2. Some of the features that the 5-series is missing that I like in the MB are the vented seats, the electric trunk closer, the damper control (confort/sport1/sport/2) and the lifting clearance option (they really work). On the other hand, the 5-series has the head-up display, real-time navi, HD radio, active-roll stabilization (my bimmer didn't have it), etc. to be fair. 
3. For simple tasks such as stereo, air, etc., the "Command" system is faster to use (actually hvac is not part of the Command system I don't hink). However, iDrive intergrates many advanced controls/vehicle monitors, such as vehicle maintenance monitors, etc. For example, you will have to use the conventional dip stick for oil level checks in the MB, while you can check it in the iDrive screen in the BMW. If I have to choose one, I'll go with the Command. For me, iDrive is not difficult, but just time consuming to do simple tasks.
4. I definitely liked the 4 year free maintenance that comes with any new BMWs. The MBs don't have it. So for pound for pound, mercs are more expensive and expensive maintaine than bimmers--this shouldn't be a surprise to anyone.
5. The CLS--drop dead gorgeous. The 5-series--not nearly as good looking (ugly to some)
6. The BMW has a bigger trunk and larger space in the back seat.

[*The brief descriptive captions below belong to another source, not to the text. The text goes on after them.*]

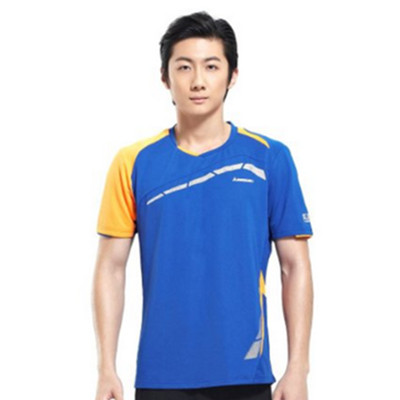 近期好价！Kawasaki 川崎 男式 拼接T恤 ST-15151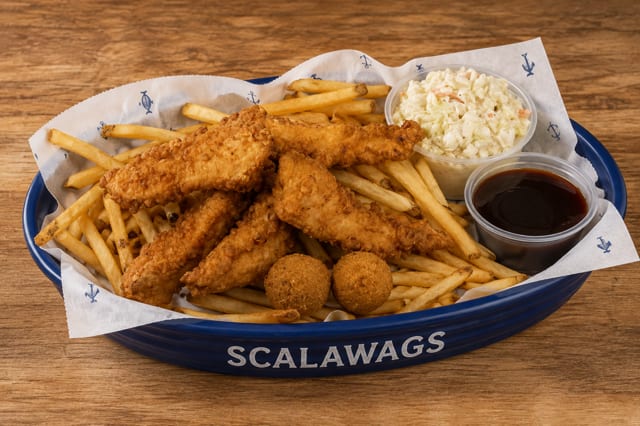 Original Tender Basket.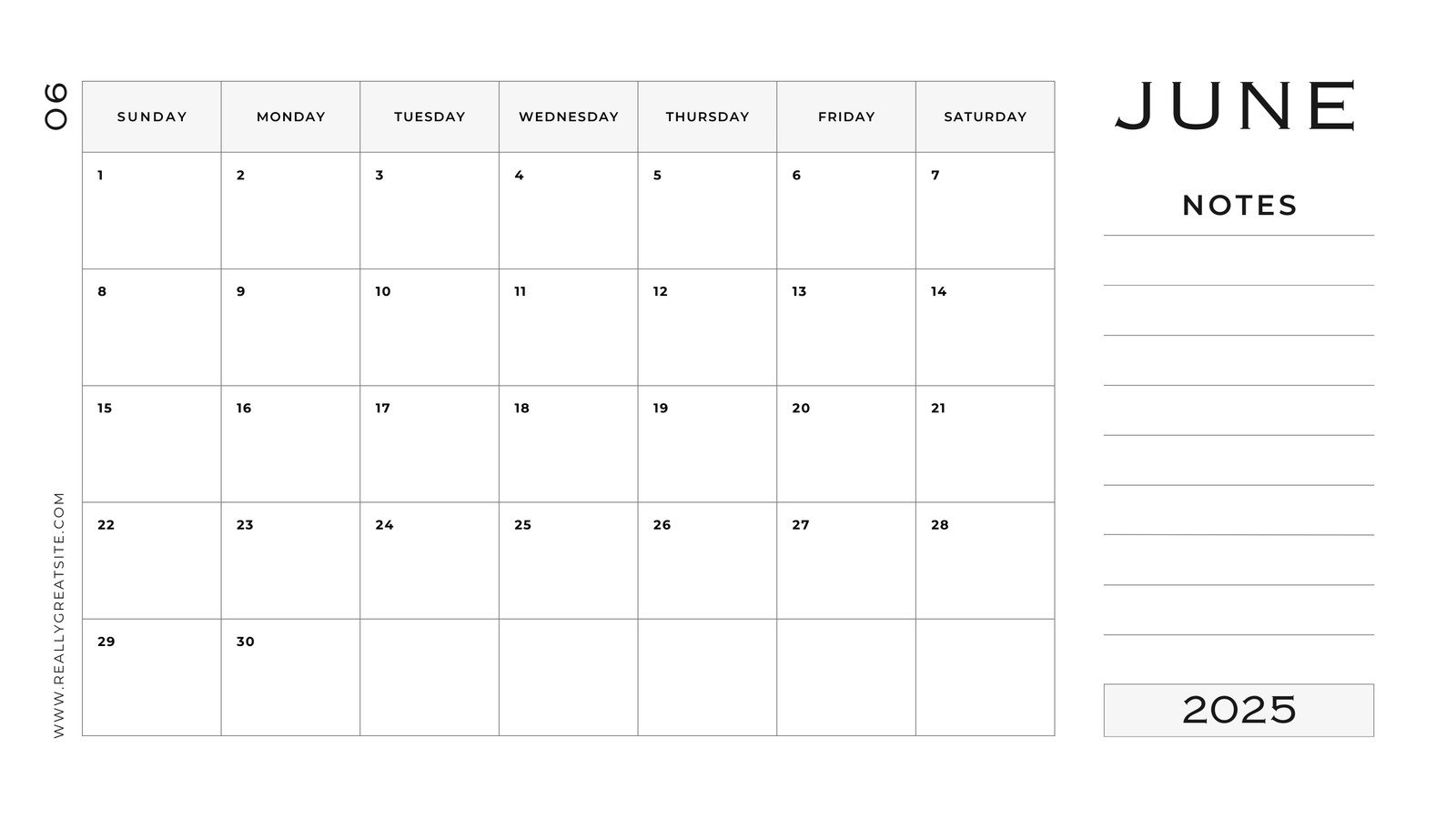Free Printable Customizable Monthly Calendar Templates Canva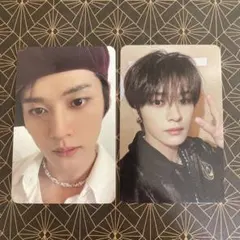 straykids リノ トレカ s-class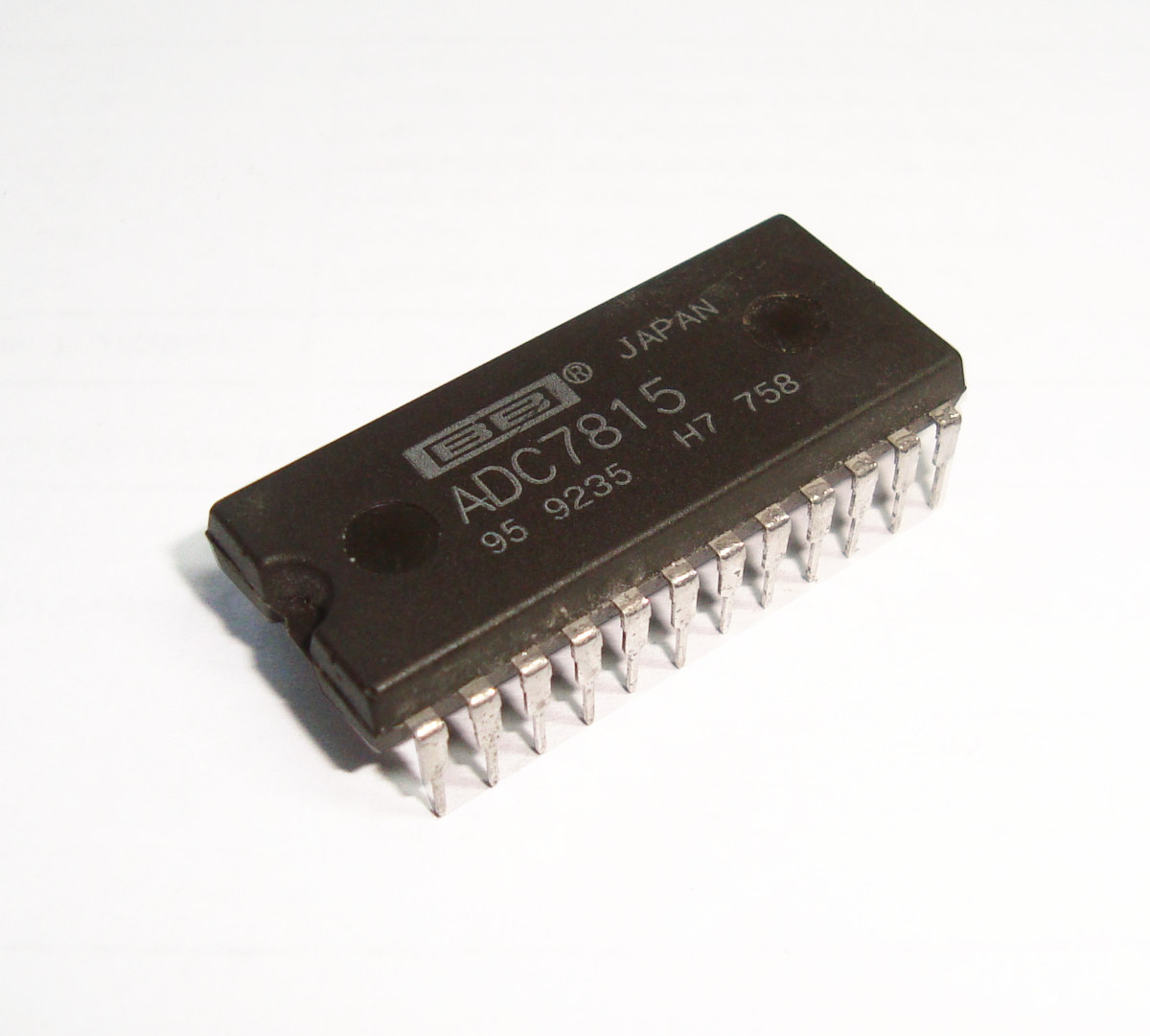 Burr-brown Ic ADC7815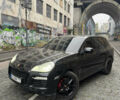 Черный Порше Каен, объемом двигателя 4.8 л и пробегом 140 тыс. км за 8500 $, фото 3 на Automoto.ua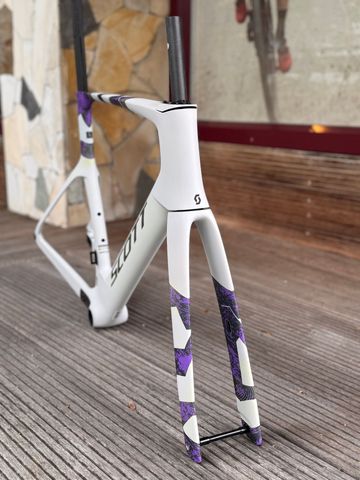 Brugt Scott Foil RC Pro HMX 2025 Road & Gravel — billede 5 af 5
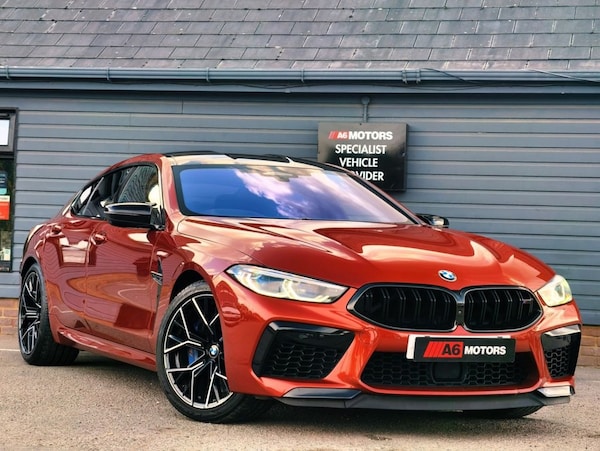 Used BMW M8 2020 for sale - 76202641: Photo 11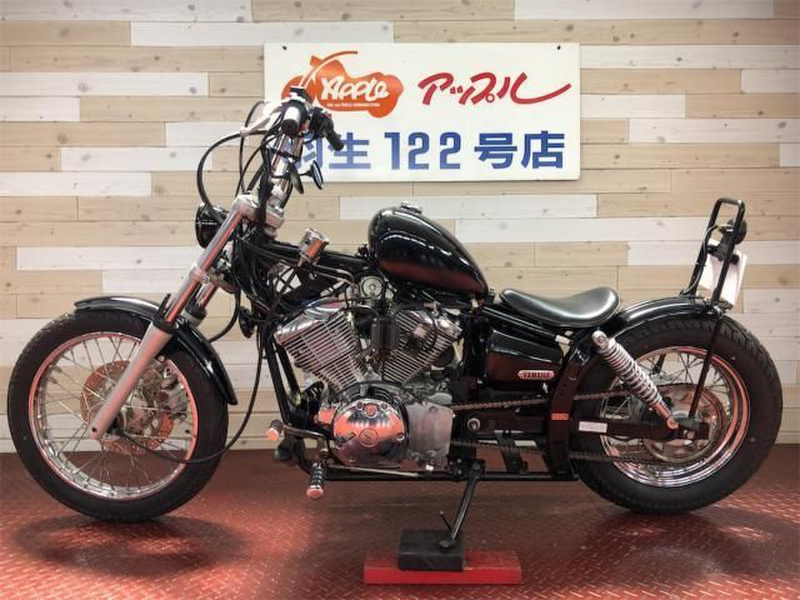 ヤマハ　ドラッグスター250 ヤマハ ドラッグスター250 (1201097) | 中古バイク・新車の事なら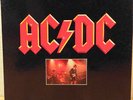 AC/DC 3 Record Set (Atlantic 60146) High Voltage, Dirty Deeds, Powerage LP Vinyl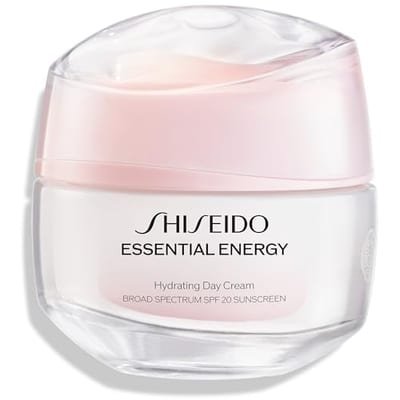 Shiseido Shiseido Essential Energy Hydrating Day Cream Spf 20 50ml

So which is the best (for me) and why? 
Answer: The CLS for the combination of killer looks, great ride/handling and luxury.

Do you agree?


----------



## 'Cane (Jun 16, 2003)

straightnochase said:


> So which is the best (for me) and why?
> Answer: The CLS for the combination of killer looks, great ride/handling and luxury.
> 
> Do you agree?


I don't think any of us are qualified to judge which is the best for you. If it makes you happy, go for it, but remember this is a bimmer forum. As for me, the only MB I would consider is a C63.


----------



## Ugly Bear (Dec 27, 2006)

straightnochase said:


> So which is the best (for me) and why?
> Answer: The CLS for the combination of killer looks, great ride/handling and luxury.
> Do you agree?


I like how CLS looks a lot, but a) I don't need V8, b) It does not come with AWD and c) how's about reliability?


----------



## e36m34life (Mar 4, 2008)

Im sorry, but the Mercedes looks like a Chrysler, everytime I look at it I see Chrysler written all over it, very similiar in design and looks to the older Chrysler Concorde from a few years back. I have nothing against Mercedes because they make solid cars, but to me they just dont have the excitement of BMW.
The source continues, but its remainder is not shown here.